Based on a December 6, 2012 statement made by the executive director of the HSR Authority to a Fresno Bee reporter, it seems that all five pre-qualified design-build construction consortiums have negotiated or agreed to negotiate a Project Labor Agreement with the State Building and Construction Trades Council of California (an umbrella lobbying group for construction unions) for construction trades work on the first segment of the High-Speed Rail project.
Section 7.11.3 of the Request for Proposal for Design-Build Services for the first segment of the California High-Speed Rail project states that “Proposers are advised that, subject to FRA [Federal Railroad Administration] approval, the Authority intends to develop a Community Benefits Agreement consistent with the Community Benefits Policy adopted by the CHSRA [California High-Speed Rail Authority] Board at its December 6, 2012 meeting with which the Contractor will be required to comply.”
And Section 10.1 of the Request for Proposal states that “The Authority [that is, the California High-Speed Rail Authority CEO Jeff Morales] will not make a recommendation for award of the Contract [to the California High-Speed Rail Authority Board of Directors] unless the successful selected Proposer has submitted the following: Escrowed Proposal Documents and corrected any deficiencies identified by the examination of the EPDs, and A letter of assent executed by the Proposer agreeing to be bound by the Community Benefits Agreement.” This indicates a government-mandated Project Labor Agreement!

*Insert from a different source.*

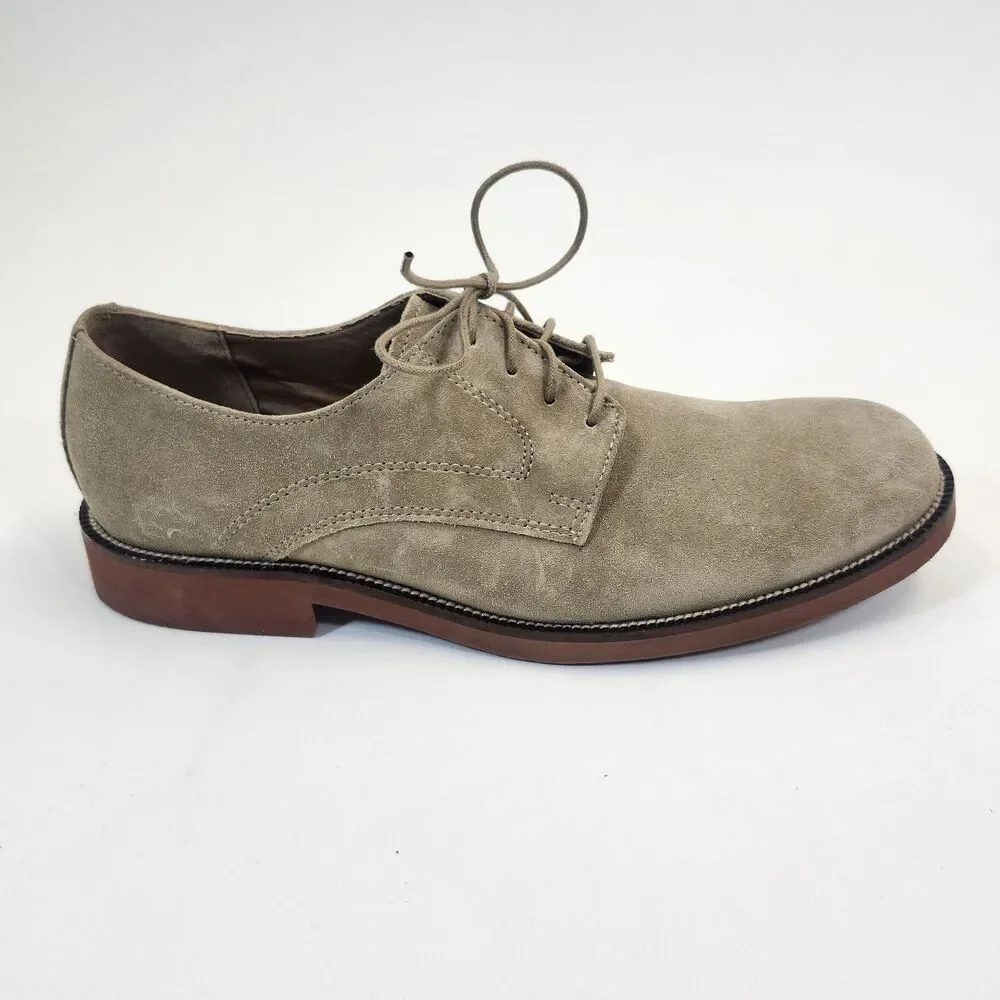 Bostonian Mens 10M Beige Suede Derby Shoes Plain Toe Leather LaceUp Oxford Dress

In fact, a “draft” Project Labor Agreement is included as Addendum 8 in the High Speed Rail Authority’s bid documents for the Request for Proposal. This indicates that bidders that declare their intention to sign a Project Labor Agreement will boost their scores for “community benefit” in the somewhat-subjective best value procurement criteria.
Where this especially matters in terms of cost to taxpayers is the construction of the building structures, such as the stations in Merced and Fresno.
A 2011 study done by the National University System Institute for Policy Research determined that construction projects for which California school districts required contractors to sign Project Labor Agreements with unions were 13-15% higher in final cost than similar California school construction projects built under fair and open competition. This matches anecdotal evidence collected over the past 15 years on California construction projects with government-mandated Project Labor Agreements.
Why are costs higher? The union provisions included in Project Labor Agreements discourage non-union contractors from bidding. As expected, the resulting reduction in bid competition results in higher costs.